AIDS Fighter, Fraser-Howze Honored
Ms. Fraser-Howze has been recognized for more than two decades of local, national, and international leadership to communities of color regarding teenage pregnancy, social welfare, and HIV and AIDS
On Monday, December 4, 2006, Gay Men of African Decent (GMAD), one of New York City’s leading support organization and resource centers for the LGBT community of color, will honor Debra Fraser Howze, President/CEO of National Leadership Commission on AIDS (NBLCA), and Assistant Professor/Medical Researcher, Dr. David J. Malebranche with its prestigious Angel Award.
“It’s truly a blessing to be receiving this award,” says Ms. Fraser-Howze who will receive her award from former boss and friend, Hon. Charles B. Rangel, newly elect Chair of the Way & Means Committee. “I personally knew Charles Angel and NBLCA which supported his early efforts is truly honored to see his vision kept alive thru this much-needed organization.”
The ceremony, which will include a performance from former American Idol contestant and current star of RENT - Frenchie Davis, takes place at Harlem’s Alhambra Ballroom, 216 Adam Clayton Powell, Jr. Blvd at 126th Street, from 6:00 – 9:00 PM. For ticket and additional information, please call (212) 828-1697 Ext. 113.
Ms. Frazer-Howze, who from 1995 - 2001 served on the Presidential Advisory Council on HIV/AIDS (PACHA), has been recognized for more than two decades of local, national, and international leadership to communities of color regarding teenage pregnancy, social welfare, and HIV and AIDS. Through her relentless advocacy, African-Americans and other people of color have gained greater inclusion in local and national policy, planning, research, and clinical trials.

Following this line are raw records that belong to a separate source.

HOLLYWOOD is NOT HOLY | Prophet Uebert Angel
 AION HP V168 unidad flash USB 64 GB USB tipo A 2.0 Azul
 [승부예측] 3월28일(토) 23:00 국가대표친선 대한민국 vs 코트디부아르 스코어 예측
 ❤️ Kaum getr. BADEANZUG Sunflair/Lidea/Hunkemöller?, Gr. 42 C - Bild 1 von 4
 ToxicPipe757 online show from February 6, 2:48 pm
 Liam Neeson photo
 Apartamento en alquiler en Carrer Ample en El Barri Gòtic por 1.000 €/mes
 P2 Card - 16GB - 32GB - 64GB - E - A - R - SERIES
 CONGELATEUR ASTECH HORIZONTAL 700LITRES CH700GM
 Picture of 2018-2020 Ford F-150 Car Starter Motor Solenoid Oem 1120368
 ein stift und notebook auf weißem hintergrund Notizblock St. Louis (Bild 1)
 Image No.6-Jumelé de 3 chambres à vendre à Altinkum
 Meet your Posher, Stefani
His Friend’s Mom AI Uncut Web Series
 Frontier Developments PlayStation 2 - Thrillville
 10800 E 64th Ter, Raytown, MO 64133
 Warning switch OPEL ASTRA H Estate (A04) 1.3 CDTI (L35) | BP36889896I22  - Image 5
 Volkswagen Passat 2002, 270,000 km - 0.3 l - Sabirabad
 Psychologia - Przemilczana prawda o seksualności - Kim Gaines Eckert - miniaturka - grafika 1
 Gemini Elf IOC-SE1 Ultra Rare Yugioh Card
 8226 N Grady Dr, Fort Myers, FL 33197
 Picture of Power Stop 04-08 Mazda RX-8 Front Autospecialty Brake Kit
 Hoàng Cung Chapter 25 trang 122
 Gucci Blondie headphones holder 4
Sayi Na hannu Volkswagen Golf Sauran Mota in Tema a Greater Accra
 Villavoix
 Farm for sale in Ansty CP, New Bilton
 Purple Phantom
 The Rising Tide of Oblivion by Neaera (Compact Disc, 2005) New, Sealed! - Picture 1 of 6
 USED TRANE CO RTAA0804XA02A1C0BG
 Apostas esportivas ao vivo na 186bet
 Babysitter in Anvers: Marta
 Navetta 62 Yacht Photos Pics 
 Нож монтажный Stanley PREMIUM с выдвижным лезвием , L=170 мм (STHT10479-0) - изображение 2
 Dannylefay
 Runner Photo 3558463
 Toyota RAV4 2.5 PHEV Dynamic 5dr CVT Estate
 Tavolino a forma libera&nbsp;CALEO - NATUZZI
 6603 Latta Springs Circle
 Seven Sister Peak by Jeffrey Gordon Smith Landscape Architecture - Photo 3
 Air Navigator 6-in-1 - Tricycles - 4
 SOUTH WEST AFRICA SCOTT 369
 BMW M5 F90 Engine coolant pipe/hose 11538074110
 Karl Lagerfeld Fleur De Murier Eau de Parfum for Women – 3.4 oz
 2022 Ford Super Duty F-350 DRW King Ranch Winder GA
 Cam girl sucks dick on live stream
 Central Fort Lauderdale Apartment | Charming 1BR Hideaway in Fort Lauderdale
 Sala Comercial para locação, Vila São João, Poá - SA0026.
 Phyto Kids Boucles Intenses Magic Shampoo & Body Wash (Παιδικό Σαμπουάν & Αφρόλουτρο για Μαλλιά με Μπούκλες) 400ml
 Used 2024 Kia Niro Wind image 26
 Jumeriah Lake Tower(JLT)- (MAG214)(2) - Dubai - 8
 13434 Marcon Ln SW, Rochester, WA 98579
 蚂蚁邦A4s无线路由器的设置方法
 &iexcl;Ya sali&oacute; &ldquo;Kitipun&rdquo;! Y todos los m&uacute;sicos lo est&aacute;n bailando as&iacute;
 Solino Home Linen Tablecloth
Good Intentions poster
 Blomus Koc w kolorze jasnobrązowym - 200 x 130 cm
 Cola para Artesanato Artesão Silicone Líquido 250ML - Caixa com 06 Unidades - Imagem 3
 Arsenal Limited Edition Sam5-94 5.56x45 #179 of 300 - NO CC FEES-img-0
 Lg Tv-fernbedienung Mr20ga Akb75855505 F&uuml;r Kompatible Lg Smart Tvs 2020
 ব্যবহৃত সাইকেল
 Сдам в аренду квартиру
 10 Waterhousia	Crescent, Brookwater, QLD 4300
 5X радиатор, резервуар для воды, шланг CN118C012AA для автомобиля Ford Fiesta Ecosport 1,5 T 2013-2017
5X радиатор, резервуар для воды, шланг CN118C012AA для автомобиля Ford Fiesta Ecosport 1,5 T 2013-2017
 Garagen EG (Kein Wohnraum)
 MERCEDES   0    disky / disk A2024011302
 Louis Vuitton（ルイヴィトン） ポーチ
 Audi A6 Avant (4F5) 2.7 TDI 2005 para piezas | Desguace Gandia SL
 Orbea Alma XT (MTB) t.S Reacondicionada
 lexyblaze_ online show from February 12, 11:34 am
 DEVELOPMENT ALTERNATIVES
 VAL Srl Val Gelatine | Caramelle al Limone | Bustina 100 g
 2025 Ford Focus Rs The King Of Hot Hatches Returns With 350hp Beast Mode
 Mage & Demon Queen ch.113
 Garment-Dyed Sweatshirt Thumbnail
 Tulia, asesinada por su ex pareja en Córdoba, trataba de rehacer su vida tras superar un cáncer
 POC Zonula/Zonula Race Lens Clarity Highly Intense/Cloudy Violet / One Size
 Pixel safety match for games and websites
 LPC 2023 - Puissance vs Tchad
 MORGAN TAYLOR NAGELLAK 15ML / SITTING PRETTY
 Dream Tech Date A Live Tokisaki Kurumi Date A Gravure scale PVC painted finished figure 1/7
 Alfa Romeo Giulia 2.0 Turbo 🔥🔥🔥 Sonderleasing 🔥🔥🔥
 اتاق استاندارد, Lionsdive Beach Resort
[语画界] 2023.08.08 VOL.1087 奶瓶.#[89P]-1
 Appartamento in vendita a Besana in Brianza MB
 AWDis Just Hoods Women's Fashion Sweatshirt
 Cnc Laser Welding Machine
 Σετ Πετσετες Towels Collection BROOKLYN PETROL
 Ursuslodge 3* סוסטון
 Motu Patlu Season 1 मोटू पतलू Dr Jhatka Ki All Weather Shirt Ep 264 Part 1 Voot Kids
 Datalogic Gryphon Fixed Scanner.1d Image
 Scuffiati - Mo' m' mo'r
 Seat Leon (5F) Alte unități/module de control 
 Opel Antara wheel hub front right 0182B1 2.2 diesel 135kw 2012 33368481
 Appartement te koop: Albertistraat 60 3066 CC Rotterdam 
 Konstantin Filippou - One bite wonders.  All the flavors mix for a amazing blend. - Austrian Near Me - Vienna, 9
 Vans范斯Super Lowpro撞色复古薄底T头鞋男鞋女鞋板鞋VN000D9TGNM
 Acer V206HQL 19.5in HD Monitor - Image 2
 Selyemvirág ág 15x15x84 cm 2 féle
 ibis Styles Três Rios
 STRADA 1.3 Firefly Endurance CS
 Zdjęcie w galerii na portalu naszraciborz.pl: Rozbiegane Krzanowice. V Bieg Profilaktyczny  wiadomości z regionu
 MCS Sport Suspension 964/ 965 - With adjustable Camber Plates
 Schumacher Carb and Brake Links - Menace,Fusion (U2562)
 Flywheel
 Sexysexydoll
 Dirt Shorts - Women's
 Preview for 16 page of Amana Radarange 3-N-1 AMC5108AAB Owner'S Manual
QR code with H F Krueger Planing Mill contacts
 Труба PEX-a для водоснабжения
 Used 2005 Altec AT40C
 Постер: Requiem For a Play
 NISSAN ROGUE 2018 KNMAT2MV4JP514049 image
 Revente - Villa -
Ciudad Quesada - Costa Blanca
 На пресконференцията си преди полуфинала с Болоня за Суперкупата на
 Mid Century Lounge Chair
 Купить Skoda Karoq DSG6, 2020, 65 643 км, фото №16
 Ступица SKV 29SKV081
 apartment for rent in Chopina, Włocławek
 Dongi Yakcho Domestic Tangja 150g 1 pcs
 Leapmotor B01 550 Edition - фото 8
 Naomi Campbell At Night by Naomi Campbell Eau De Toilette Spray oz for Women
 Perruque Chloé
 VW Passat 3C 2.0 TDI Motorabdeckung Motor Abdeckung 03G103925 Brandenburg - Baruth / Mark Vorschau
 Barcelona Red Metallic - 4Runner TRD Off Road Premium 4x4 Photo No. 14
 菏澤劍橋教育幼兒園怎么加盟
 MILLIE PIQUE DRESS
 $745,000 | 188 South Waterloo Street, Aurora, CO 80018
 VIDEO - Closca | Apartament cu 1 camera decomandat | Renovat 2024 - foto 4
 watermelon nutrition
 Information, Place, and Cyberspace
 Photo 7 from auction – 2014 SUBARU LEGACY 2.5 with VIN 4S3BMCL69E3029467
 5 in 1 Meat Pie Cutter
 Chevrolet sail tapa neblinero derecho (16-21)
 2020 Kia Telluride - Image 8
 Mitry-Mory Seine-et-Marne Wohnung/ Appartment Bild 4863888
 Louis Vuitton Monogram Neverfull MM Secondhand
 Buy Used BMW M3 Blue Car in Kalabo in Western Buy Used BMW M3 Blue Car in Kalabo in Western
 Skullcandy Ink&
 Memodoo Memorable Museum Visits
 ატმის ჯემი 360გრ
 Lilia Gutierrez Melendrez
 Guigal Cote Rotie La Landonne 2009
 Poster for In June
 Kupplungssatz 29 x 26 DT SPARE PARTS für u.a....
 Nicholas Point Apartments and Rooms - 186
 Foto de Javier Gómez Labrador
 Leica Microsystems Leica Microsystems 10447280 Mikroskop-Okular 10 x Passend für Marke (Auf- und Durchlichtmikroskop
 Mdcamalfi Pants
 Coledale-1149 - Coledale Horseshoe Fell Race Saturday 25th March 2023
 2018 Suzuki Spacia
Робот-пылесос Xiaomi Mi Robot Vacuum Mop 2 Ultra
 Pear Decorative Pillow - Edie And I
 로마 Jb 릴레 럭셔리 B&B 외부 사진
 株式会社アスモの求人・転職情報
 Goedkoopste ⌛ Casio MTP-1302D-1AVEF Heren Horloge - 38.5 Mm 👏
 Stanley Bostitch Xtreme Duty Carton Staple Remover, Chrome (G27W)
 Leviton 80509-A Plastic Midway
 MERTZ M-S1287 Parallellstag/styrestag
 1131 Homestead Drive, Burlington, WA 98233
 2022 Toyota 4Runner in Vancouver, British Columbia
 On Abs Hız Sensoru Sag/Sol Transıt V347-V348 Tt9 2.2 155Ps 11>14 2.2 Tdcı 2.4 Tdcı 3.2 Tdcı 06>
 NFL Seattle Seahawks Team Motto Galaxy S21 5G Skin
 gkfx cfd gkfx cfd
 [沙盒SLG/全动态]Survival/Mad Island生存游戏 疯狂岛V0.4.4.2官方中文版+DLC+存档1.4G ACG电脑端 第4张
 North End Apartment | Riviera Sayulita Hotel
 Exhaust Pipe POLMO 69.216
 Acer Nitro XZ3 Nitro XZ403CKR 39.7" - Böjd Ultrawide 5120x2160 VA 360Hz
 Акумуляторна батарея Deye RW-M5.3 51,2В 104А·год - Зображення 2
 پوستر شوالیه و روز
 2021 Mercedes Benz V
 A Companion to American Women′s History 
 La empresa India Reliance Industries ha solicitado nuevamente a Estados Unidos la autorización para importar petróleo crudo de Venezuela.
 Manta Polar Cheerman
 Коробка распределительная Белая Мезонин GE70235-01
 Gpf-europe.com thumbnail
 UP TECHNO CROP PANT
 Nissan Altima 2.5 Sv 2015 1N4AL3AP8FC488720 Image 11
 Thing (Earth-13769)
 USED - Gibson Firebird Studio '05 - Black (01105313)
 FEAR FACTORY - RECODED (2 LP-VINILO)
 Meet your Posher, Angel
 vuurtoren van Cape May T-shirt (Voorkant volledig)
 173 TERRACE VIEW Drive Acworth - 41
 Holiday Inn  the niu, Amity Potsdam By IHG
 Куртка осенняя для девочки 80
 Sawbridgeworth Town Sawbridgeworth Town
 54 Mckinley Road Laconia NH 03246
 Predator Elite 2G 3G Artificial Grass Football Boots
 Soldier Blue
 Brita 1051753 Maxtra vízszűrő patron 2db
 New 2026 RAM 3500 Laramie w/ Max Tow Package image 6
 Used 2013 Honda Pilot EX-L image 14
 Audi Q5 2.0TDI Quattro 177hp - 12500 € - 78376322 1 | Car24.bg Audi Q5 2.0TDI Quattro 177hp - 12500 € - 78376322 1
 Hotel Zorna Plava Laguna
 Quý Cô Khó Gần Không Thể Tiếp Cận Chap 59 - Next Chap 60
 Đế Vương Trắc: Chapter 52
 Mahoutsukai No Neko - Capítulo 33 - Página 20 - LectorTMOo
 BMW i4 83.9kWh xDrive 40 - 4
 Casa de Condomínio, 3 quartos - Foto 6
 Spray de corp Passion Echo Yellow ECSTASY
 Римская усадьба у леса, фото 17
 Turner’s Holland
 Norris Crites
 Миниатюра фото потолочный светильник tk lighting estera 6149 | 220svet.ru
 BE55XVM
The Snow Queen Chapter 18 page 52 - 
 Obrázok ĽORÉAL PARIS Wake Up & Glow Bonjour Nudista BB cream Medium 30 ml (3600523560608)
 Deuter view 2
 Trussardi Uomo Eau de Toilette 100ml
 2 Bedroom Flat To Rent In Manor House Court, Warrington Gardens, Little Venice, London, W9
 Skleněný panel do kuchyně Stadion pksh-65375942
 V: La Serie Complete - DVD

Her ability to develop solutions and build effective coalitions to address major issues effecting communities of African descent have been recognized worldwide and government official from around the globe, including Barbados, Bermuda, Gabon, Jamaica, and Uganda have sought her council.
Ms. Fraser-Howze has been recognized for more than two decades of local, national, and international leadership to communities of color regarding teenage pregnancy, social welfare, and HIV and AIDS. She was the Vice Chair of the HIV Human Services Planning Council during the administration of New York City’s first African-American Mayor, David N. Dinkins, and chaired the National Institute of Health’s Public Education Technology Committee. In December 2003, New York City’s mayor, Michael R. Bloomberg, appointed Ms. Fraser-Howze to the New York City Commission on AIDS.